Sepertinya memang sudah menjadi kebiasaan manusia, jika ada sesuatu yang baru pasti diikuti, pun begitu dengan saya, Ini alasan saya awalnya membuat blog, saya hanya ingin mengikuti sesuatu yang dilakukan beberapa senior saya. Ikut-ikutan.

2.       Ilmu yang bermanfaat

 

Gajah mati meninggalkan gading, harimau mati meniggalkan belang, manusia mati meninggalkan nama

 

 Pepatah itu sudah sering kali kita dengar, tapi menurut hemat saya, kata-kata “manusia mati meninggalkan nama” terkesan negatif, seolah manusia harus mencari popularitas untuk dikenang, menurut saya kalimat itu lebih ke arah aktuliasasi dari ilmu bermanfaat yang telah manusia itu berikan.

Dihitung-hitung rata-rata usia manusia Indonesia adalah sekitar 60 tahun, jika di kalkulasi dalam 1 hari tidur 6 jam, berarti setiap harinya telah dihabiskan seperempat hidupnya untuk tidur, artinya selama 15 tahun dalam hidupnya adalah untuk tidur. Membandingkannya dengan orang-orang shaleh terdahulu, yang usianya mencapai ratusan tahun, sementara dengan umur kita yang hanya puluhan tahun itu, bagaimana kita bisa memanfaatkannya untuk bekal akhirat ?

rasulullah pernah berkata”apabila anak adam telah meninggal dunia maka terputuslah semua amalnya terkecuali tiga perkara, yakni: amal jariyah, ilmu yang bermanfaat, dan anak sholeh yang mendo’akannya”

salah satunya adalah ilmu yang bermanfaat. Maka sharing ilmu via blog ini menjadi salah satu jalannya, karena blog ini menembus batas-batas geografis.

3.       Akselerasi diri

 

Ini salah satu alasan kini saya tetap melakukan kebiasaan ngblog ini, akselerasi diri, saya ingin kapasitas dan kapabilitas diri saya terus meningkat. Mungkin akan ada yang bertanya, apa hubungan ngblog dengan kapasitas diri ?

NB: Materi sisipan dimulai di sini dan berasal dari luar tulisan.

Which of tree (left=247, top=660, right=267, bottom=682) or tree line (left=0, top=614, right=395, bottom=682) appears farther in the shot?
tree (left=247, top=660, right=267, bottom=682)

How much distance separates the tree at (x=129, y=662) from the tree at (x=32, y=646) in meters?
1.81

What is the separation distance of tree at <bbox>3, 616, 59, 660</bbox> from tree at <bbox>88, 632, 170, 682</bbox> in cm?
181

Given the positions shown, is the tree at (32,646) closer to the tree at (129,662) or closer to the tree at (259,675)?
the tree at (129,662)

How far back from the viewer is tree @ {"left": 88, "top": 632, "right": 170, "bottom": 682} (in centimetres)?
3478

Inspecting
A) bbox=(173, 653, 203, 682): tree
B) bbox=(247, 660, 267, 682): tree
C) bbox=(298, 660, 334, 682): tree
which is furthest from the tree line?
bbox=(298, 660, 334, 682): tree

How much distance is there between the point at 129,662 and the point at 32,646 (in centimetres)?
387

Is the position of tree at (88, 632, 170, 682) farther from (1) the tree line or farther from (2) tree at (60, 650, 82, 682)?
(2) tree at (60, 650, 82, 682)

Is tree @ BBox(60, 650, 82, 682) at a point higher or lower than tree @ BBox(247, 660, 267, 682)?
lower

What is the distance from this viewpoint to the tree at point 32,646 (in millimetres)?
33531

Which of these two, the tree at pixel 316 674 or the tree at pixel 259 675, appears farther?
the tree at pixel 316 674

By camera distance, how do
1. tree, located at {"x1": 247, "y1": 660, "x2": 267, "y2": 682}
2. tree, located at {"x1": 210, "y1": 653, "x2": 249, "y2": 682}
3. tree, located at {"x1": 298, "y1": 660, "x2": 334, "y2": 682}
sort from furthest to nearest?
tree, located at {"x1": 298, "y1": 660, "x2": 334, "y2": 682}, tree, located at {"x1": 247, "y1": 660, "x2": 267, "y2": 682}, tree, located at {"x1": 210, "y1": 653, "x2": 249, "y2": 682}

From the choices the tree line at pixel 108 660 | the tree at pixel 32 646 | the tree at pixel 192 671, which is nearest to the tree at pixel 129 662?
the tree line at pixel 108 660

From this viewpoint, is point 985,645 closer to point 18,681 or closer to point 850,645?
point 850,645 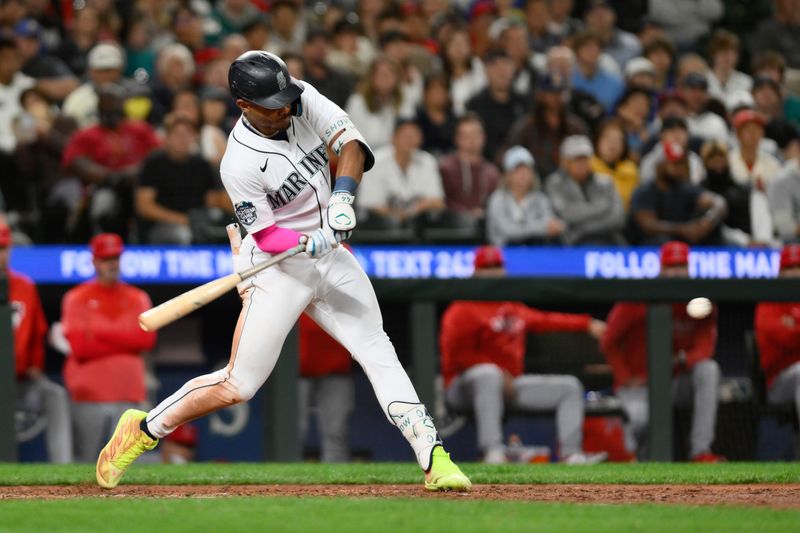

Saya akan menjawab, Jelas ada.

Dengan blogging kita akan mengeluarkan ide-ide dalam pikiran kita, ngblog melatih seseorang untuk kreatif dan inovatif, bagaimana menyusun ide-ide dalam alam pikiran ke bentuk tulisan dan tentunya ide dalam bentuk tulisan itu harus dapat tersampaikan kepada orang lain. Selain itu, Menjaga blog tetap update, tentu ada “paksaan” tersendiri bagi pemilik blog untuk membuat tulisan setiap waktunya, dan untuk membuat sebuah tulisan, maka dibutuhkan hobi dalam membaca, baik itu membaca dalam arti sebenarnya maupun membaca dalam arti luas, dengan “paksaan” membaca inilah blogger secara tidak langsung dalam proses meningkatkan kapasitas dan kapabilitas dirinya.

 

“Hari ini Anda adalah orang yang dengan Anda di lima tahun mendatang, kecuali dua hal, orang-orang di sekeliling Anda dan buku-buku yang Anda baca” (Charles Jones Presiden)


4.       Catatan lika-liku kehidupan

 

Mungkin terlalu berlebihan, tapi memang seperti itu kenyataannya, dengan blogging, berarti kita telah mencatatkan kehidupan kita dalam sebuah wadah “abadi”, tidak seperti diary yang bisa jadi akan hilang, rusak akibat basah, robek dan lain sebagainya, selama kita ingat username dan password blog kita, blog ini tidak akan pernah mati.

Fakta-fakta seputar blogging..

Dunia blogger tidak hanya menawarkan sesuatu yang rigid (kaku) saja, faktanya, dibalik dinamika perkembangannya, dunia blog selalu dihiasi oleh hal-hal unik.  Check this out bro.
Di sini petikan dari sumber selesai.